We then estimated the landscape of neoantigens that would be suitable for a hypothetical vaccine formulation using the Ancer tool. Candidate vaccine antigens were defined by Ancer based on a series of automated instructions that created optimal amino acid sequences, usually ranging between 15 and 25 amino acids, that contained overlapping HLA class I and class II neoepitopes of interest, while avoiding the inclusion of cross-conserved or otherwise detrimental epitopes, along with flanking residues. We again found that the number of Ancer-designed neoantigen candidates was strongly correlated with patient total TMB (Pearson's r = 0.99, p < 0.0001) (Fig. 2c). As most neoantigen-based vaccine trials employ up to 20 neoantigen candidates23,24, we determined that at least 20 optimal sequences could be generated for patients that have 1.46 mutations per megabase or more, corresponding to 95% of the BLCA cohort. Therefore, most bladder cancer patients present a sufficiently high number of mutations and would be eligible for standard neoantigen-based vaccinations designed by Ancer.

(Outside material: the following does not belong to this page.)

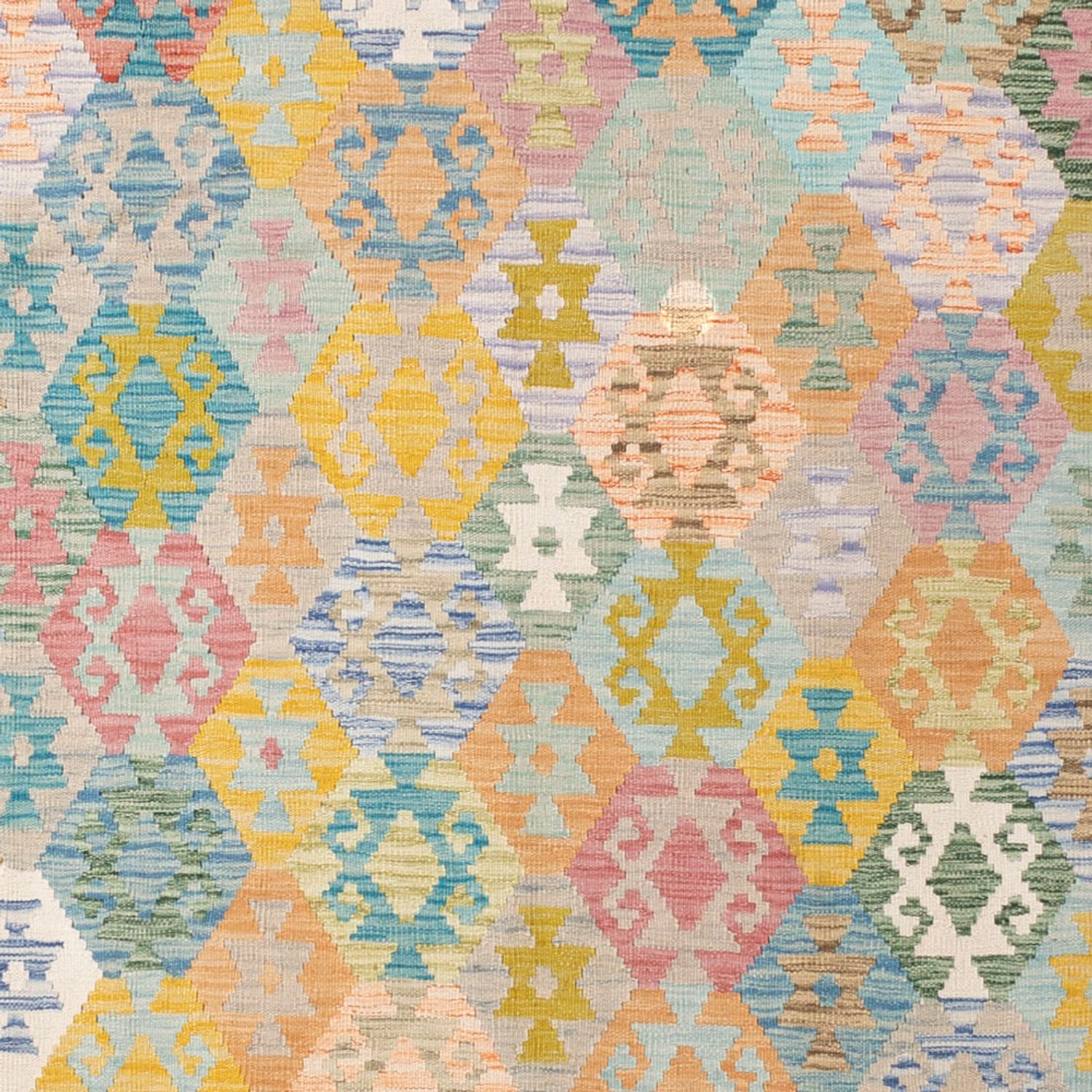 Kelim Rug - Splash - 307 x 264 cm - colorful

Number of Ancer-derived neoepitopes is a prognostic biomarker for bladder cancer
We next evaluated whether neoepitope count was a prognostic biomarker in bladder cancer and compared the performance of the Ancer pipeline analysis with TMB or neoepitope counts determined with NetMHCpan 4.0 and NetMHCIIpan 3.1. As no standardized NetMHCpan-based neoantigen computational pipeline exists, we employed an approach that was similar to the one employed by the TCGA Research Network in their analysis of the BLCA cohort19, where neoepitopes were defined as mutated HLA ligands identified with default NetMHC- pan cutoff values. Our latter analysis, employing NetMHCpan 4.0 and NetMHCIIpan 3.1, is referred to as the "NetMHCpan" analysis in this manuscript (Fig. 1).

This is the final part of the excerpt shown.